Detroit - By giving a direct operational role to Chairman William Clay Ford Jr., Ford Motor Co. took another step last week to speed decision making.
But the latest round of management changes occurs at a company already fatigued by organizational upheaval. Executives now must learn how to deal with yet another regime.
Last week, Ford created an Office of the Chairman and CEO, increasing the authority and decision-making voice of Bill Ford. On July 12, the company handed the critical North American market to Nick Scheele, beefing up his executive team as it did so.
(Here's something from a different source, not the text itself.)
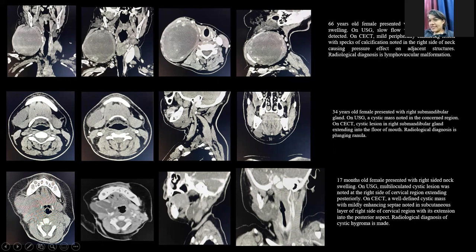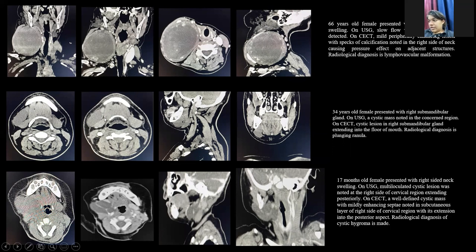A 34-year-old female presented with right-sided submandibular gland swelling. On ultrasound, a cystic mass was noted in the concerned area. On CECT, a cystic lesion in the right submandibular gland extending to the floor of mouth was seen. The radiological diagnosis of plunging ranula was made.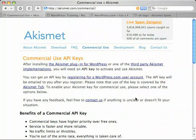They define commercial use as $500 a month in profit from your blog. Chances are the vast majority of you aren't even going to be close to making $500 a month from your blog, so you can use Akismet for free and not worry about it. If you are making at least $500 a month, it's well worth it to pay a few dollars to Automattic for a commercial license.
The board of directors is moving because CEO Jacques Nasser tried to do too much single-handedly, weakening his management team, observers say. The company is wrestling with declining market share, sloppy product launches and the Firestone tire recall.
'Ford lost its way in making decisions,' said Sean McAlinden at the Center for Automotive Research in Ann Arbor, Mich. 'There was too much detail going to the CEO and not enough decision-making power being sent to others for things to happen.
'There were too many different areas reporting in detail seven days a week to the CEO,' McAlinden said. 'Jac Nasser works seven days a week, 15 hours a day. He never takes a break. But the company is too big to micromanage like that, and the Ford family is concerned.'
Now the Ford board is imposing a new structure, one that will diminish Nasser's role as it strengthens the authority of executives such as Scheele.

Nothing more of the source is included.